## Safe Computing: Integer Arithmetic

A few quick notes to set the scene.  Firstly, the need for safe integer arithmetic was pointed out in the CWE list and there’s an excellent example here.   I’m going to use C-like syntax for my examples because it’s the language I’m most familiar with, although the same principles apply to other languages.  Finally, I’ll be using 16-bit arithmetic most of the time because it makes it easier to demonstrate overflow without using inconveniently large numbers.  Where appropriate it will be necessary to imagine that the code is running on a 16-bit system so that the 16-bit values are not automatically widened to 32 bits or more.
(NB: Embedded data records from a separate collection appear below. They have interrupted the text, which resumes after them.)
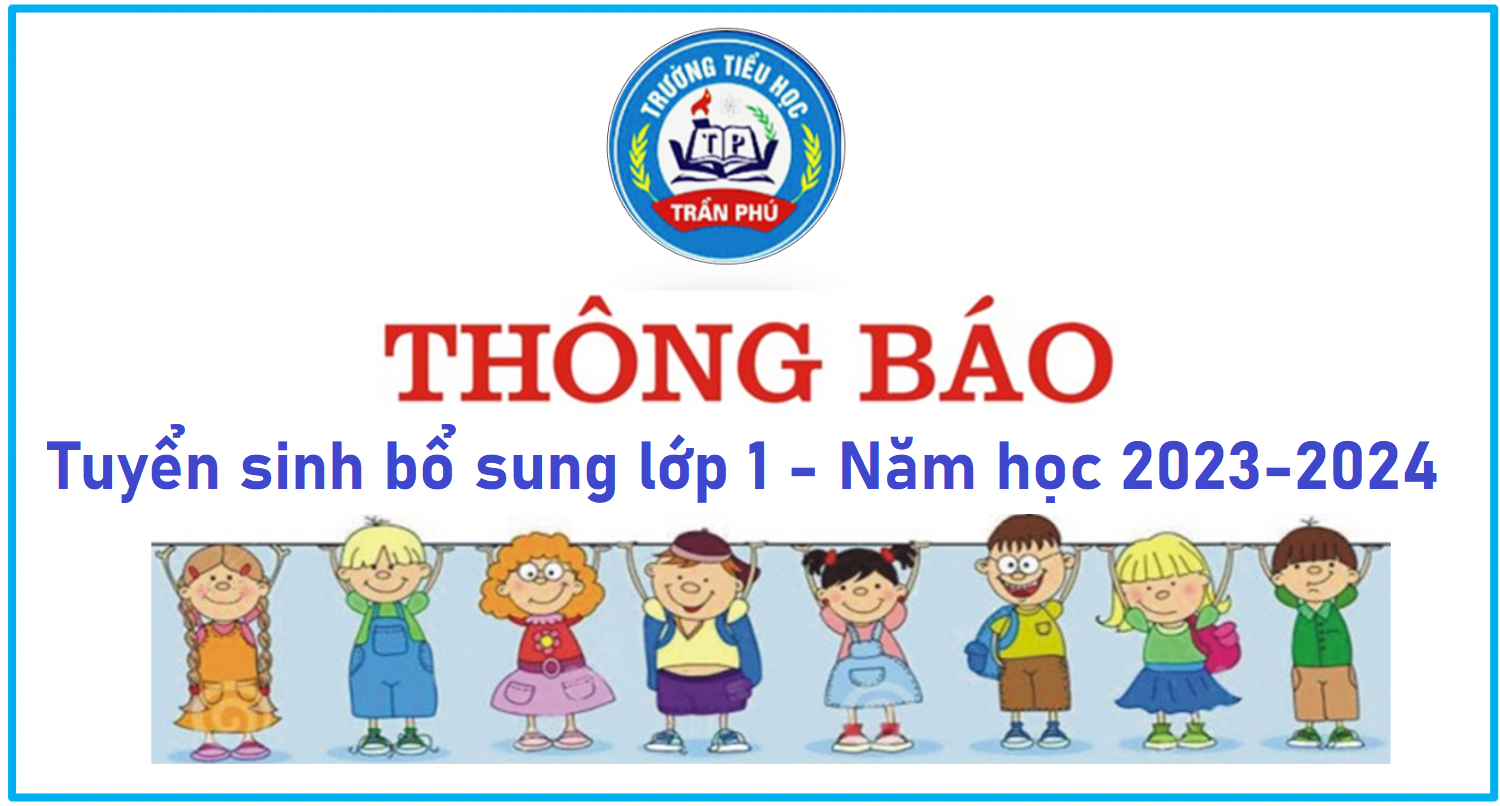 Trường tiểu học Trần Phú thông báo tuyển sinh bổ sung lớp 1 năm học 2023-2024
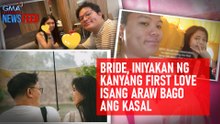 Bride, iniyakan ng kanyang first love isang araw bago ang kasal | GMA Integrated Newsfeed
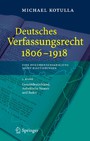 Deutsches Verfassungsrecht 1806 - 1918 - Eine Dokumentensammlung nebst Einführungen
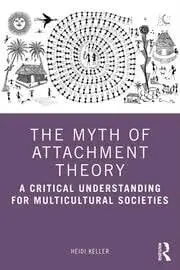 Cover of The Myth of Attachment Theory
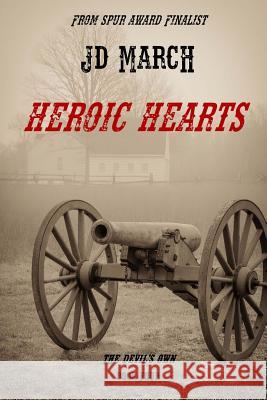 Heroic Hearts Jd March 9781725720572 Createspace Independent Publishing Platform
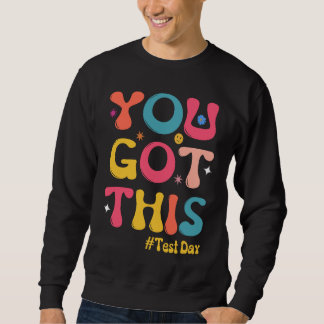 Test Day Teachers  Groovy You Got This Testing Sweatshirt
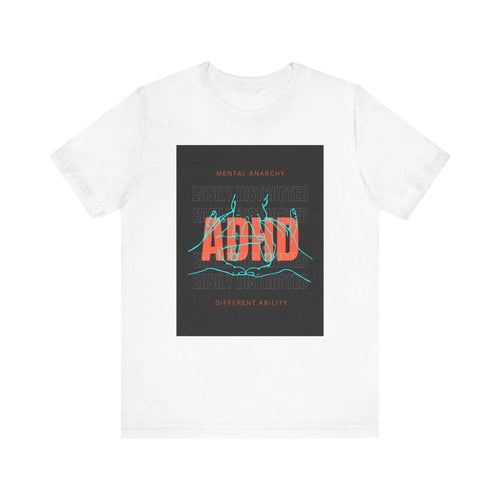 ADHD Awareness Tee: Mental Health Advocate Unisex Shirt
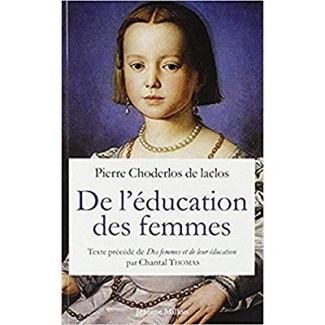 De l'éducation des femmes. Texte précédé Des Femmes et de leur éducation ou Portrait de la femme nat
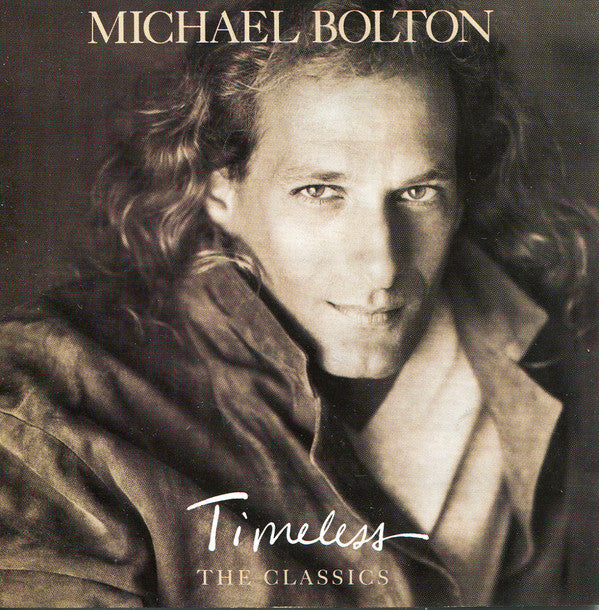 Michael Bolton : Timeless (The Classics) (CD, Album)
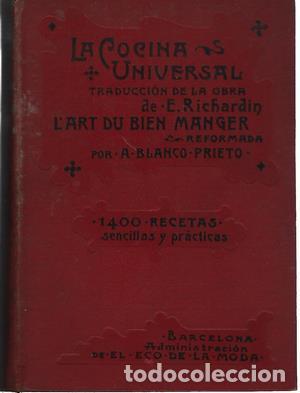 Libros de segunda mano: La cocina universal, colecci&oacute;n de f&oacute;rmulas pr&aacute;cicas in&eacute;ditas, para preparar en casa los platos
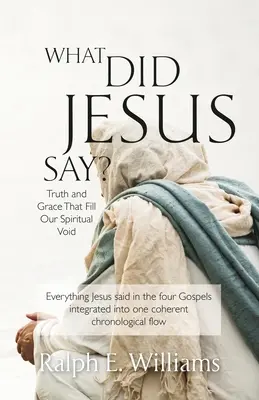 Ce a spus Iisus? Adevărul și harul care ne umplu golul spiritual - What Did Jesus Say?: Truth and Grace That Fill Our Spiritual Void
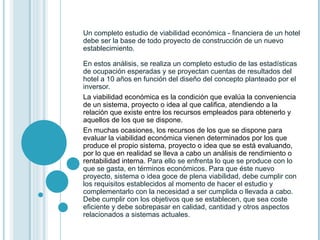 Un completo estudio de viabilidad económica - financiera de un hotel debe ser la base de todo proyecto de construcción de un nuevo establecimiento.  En estos análisis, se realiza un completo estudio de las estadísticas de ocupación esperadas y se proyectan cuentas de resultados del hotel a 10 años en función del diseño del concepto planteado por el inversor. La viabilidad económica es la condición que evalúa la conveniencia de un sistema, proyecto o idea al que califica, atendiendo a la relación que existe entre los recursos empleados para obtenerlo y aquellos de los que se dispone. En muchas ocasiones, los recursos de los que se dispone para evaluar la viabilidad económica vienen determinados por los que produce el propio sistema, proyecto o idea que se está evaluando, por lo que en realidad se lleva a cabo un análisis de rendimiento o rentabilidad interna . Para ello se enfrenta lo que se produce con lo que se gasta, en términos económicos. Para que éste nuevo proyecto, sistema o idea goce de plena viabilidad, debe cumplir con los requisitos establecidos al momento de hacer el estudio y complementarlo con la necesidad a ser cumplida o llevada a cabo. Debe cumplir con los objetivos que se establecen, que sea coste eficiente y debe sobrepasar en calidad, cantidad y otros aspectos relacionados a sistemas actuales. 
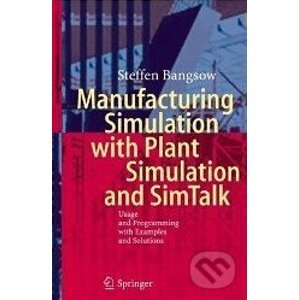 Manufacturing Simulation with Plant Simulation and SimTalk - Steffen Bangsow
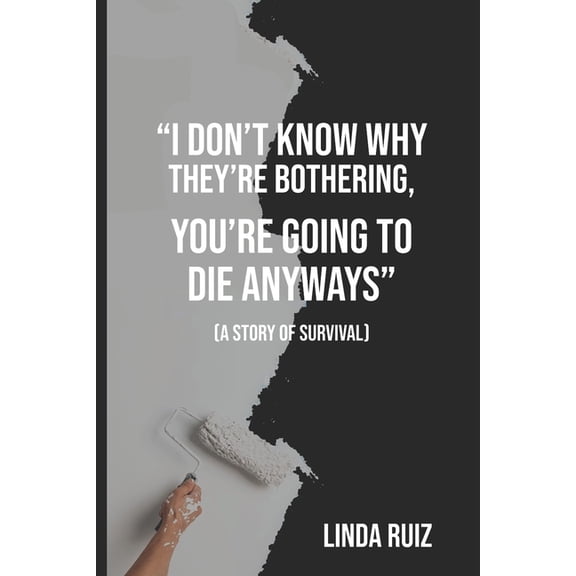 I Don't Know Why They're Bothering, You're Going to Die Anyways: (a Story of Survival), (Paperback)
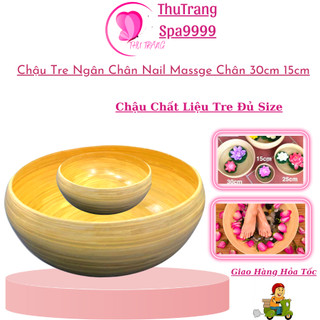 Chậu Tre Ngân Chân Massage | Kích Thước 15cm 30cm Dùng Trong Dưỡng Sinh Nali. Spa
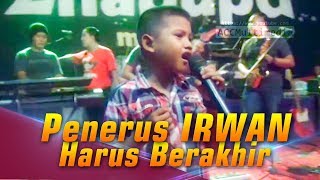 BOCAH 6 TAHUN PENERUS IRWAN  HARUS BERAKHIR [upl. by Anitram]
I’m going to use new keywords for integer variable types: int<n> to indicate a signed integer n bits wide, e.g., int32 for a 32-bit signed integer; and nat<n> to indicate an unsigned integer, e.g., nat32 for a 32-bit unsigned integer.  In mathematics, natural numbers are the positive integers, sometimes (as in this case) including zero, and I find “unsigned int” unnecessarily long-winded and abbreviations like “uint” ugly.

Making integer arithmetic safe is simple in principle and can be summed up briefly: all integer arithmetic must either produce the right answer or cause execution to stop.  I’ll leave vague exactly what “stop” means because it depends on context, but the same sort of mechanisms already used to deal with a divide-by-zero are probably suitable.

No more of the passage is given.